Performers: Detroit Symphony Orchestra; Leonard Slatkin

Taken from Naxos 8.559758


Concerto for Clarinet and Orchestra

One of the most brilliant and unusual concertos for clarinet. The first half is slow and serene, with long lines and wide intervals (spaces between notes) for the clarinet – which means big breaths for the player! Then all on its own, and a bit shy at first, the clarinet gets more playful at c. 7.08. For over two minutes it has cadenza – a showy solo passage – before the orchestra join in the mood at 9.21, the high violins and piano like a ticking clock. Lots of jazz sounds here!

Performers: Laura Ardan, clarinet; Nashville Chamber Orchestra; Paul Gambill

Taken from Naxos 8.559069

Piano Concerto

Copland’s Piano Concerto is a 1920s ‘New York’ piece – brassy, exuberant and swaggering. Its two sections match what Copland thought were the two basic moods of jazz – ‘the slow blues and the snappy number’. When it was first performed, in Boston, Copland played the solo piano part himself. His parents came from Brooklyn to watch him, and Copland wrote later: ‘I was delighted when Ma said it was her proudest moment and that my playing in the Concerto made all those music lessons worthwhile!’
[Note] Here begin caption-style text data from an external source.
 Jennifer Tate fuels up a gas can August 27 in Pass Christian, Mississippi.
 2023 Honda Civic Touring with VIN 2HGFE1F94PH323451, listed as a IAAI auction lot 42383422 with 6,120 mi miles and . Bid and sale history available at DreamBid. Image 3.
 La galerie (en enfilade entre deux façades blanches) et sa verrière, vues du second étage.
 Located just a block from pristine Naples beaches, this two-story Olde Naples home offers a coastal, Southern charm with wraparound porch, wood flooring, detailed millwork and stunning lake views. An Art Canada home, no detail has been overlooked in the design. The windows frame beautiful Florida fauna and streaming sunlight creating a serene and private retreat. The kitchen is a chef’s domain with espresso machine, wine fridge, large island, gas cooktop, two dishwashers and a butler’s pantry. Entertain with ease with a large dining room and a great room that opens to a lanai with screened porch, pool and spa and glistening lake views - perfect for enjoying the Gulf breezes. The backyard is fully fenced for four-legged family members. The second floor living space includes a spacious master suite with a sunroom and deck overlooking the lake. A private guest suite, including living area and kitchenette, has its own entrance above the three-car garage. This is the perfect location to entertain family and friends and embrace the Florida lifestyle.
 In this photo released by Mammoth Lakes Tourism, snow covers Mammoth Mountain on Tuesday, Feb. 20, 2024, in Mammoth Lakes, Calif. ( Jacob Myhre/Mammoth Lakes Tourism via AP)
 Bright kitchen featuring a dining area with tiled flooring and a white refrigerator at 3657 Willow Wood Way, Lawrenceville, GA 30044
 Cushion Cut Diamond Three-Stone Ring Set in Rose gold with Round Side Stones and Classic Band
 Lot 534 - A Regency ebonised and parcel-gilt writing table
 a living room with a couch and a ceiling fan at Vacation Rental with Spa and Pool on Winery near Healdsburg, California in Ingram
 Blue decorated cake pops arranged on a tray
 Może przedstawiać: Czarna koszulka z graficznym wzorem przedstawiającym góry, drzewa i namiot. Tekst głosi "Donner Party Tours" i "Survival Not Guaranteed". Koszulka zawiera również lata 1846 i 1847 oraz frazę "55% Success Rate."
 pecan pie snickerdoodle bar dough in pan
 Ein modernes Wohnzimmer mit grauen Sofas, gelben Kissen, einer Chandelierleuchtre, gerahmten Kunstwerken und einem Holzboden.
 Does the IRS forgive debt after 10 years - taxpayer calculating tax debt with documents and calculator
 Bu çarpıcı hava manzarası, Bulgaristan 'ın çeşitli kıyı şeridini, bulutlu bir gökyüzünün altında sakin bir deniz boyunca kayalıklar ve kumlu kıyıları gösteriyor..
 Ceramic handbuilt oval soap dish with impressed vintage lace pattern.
Performers: Benjamin Pasternack, piano; Elgin Symphony Orchestra; Robert Hanson

Taken from Naxos 8.559297


Symphony No. 3

Premiered in 1946, a year after the end of World War II, Copland’s Third Symphony was described by the composer as ‘a wartime piece – or, more accurately, an end-of-war piece – intended to reflect the euphoric spirit of the country at the time.’ So it is full of positivity. The last movement begins by quoting one of his most famous pieces, Fanfare for the Common Man, featured at the top of this page. Can you recognize it?

Performers: Detroit Symphony Orchestra; Leonard Slatkin

Taken from Naxos 8.559844

Film Music

The Red Pony: Suite

Copland wrote the music for eight films. He arranged some of this music into suites. The Red Pony is a film based on a short story by one of Copland’s favourite authors, John Steinbeck.